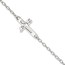 Sterling Silver Rhodium-plated Jesus Cross 7.5in Bracelet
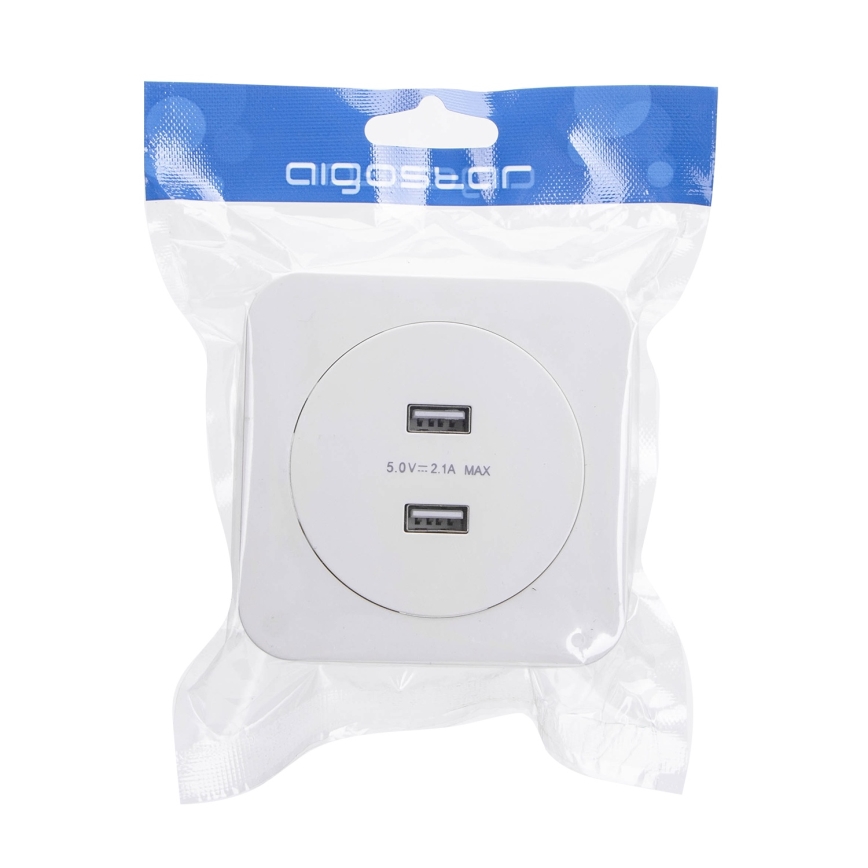 Aigostar - Tomada USB de alimentação com moldura, 2x USB-A, branca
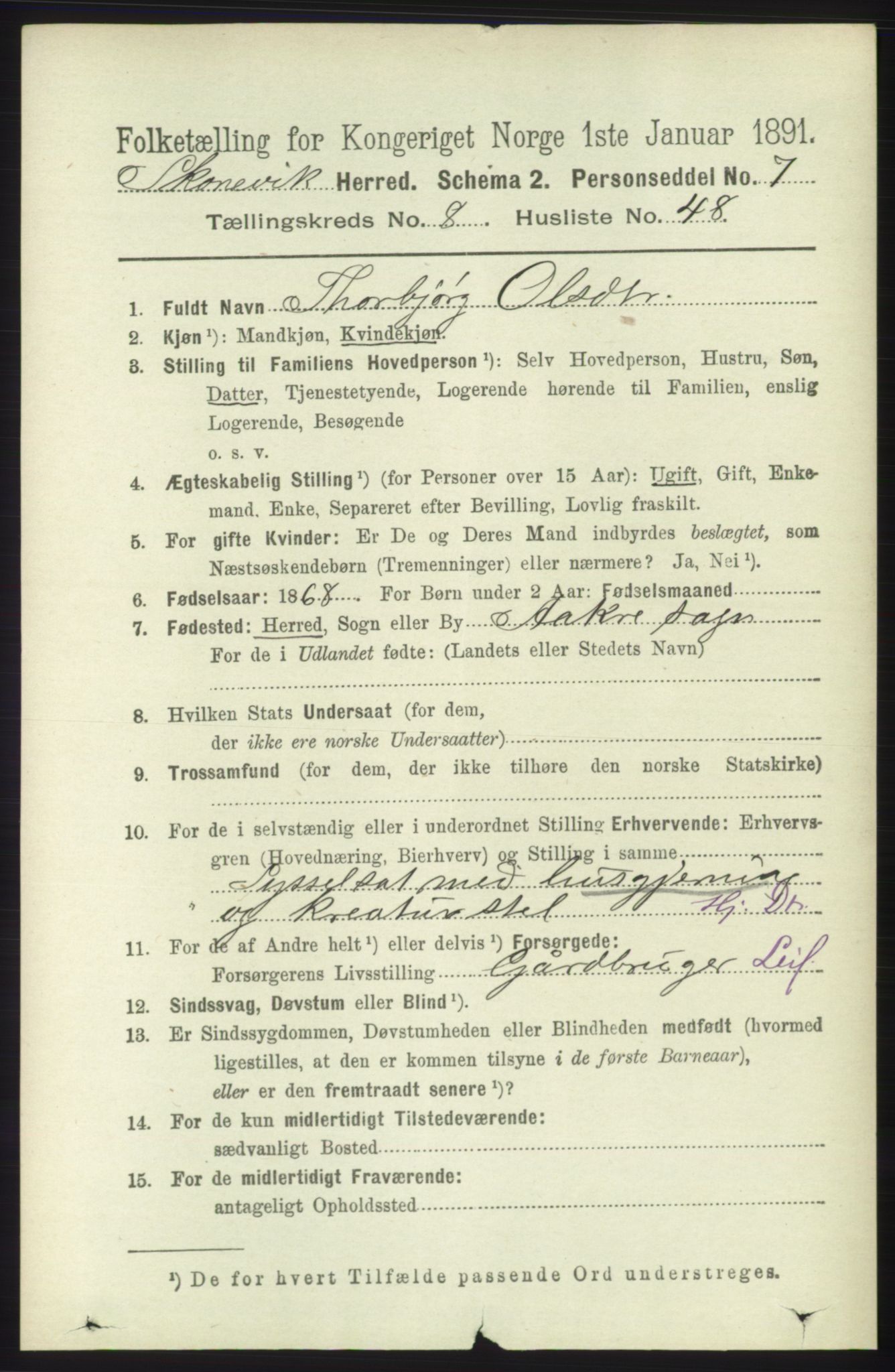 RA, 1891 census for 1212 Skånevik, 1891, p. 2483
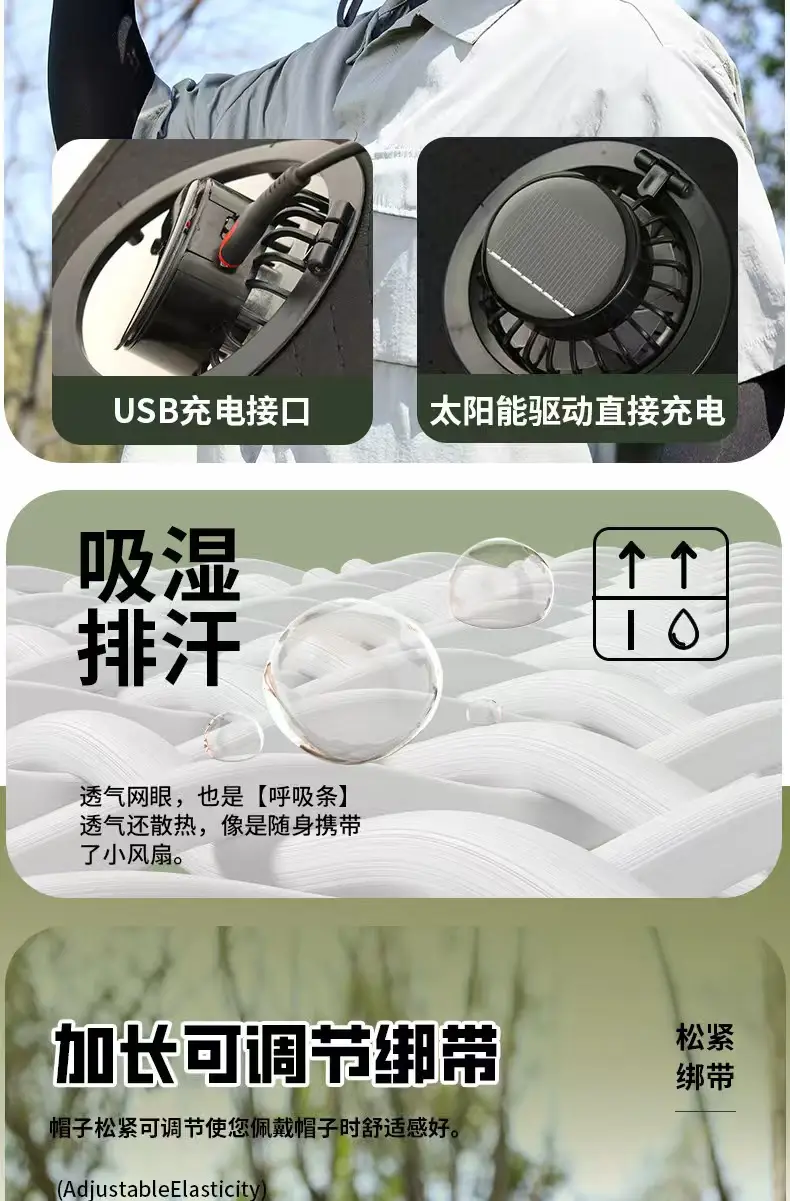 Foreign Trade Hot-Selling Solar Fan Hat, Rechargeable Dual Fan Men's Fishing Fisherman Hat, Outdoor Sun Hat — feature 8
+ + + + +
Exercise instructions
Please retype all of the material exactly, skipping whatever images it holds.

Output
 Sterling Silver Rhodium-plated Jesus Cross 7.5in Bracelet
 Aigostar - Tomada USB de alimentação com moldura, 2x USB-A, branca
 RA, 1891 census for 1212 Skånevik, 1891, p. 2483
 Foreign Trade Hot-Selling Solar Fan Hat, Rechargeable Dual Fan Men's Fishing Fisherman Hat, Outdoor Sun Hat — feature 8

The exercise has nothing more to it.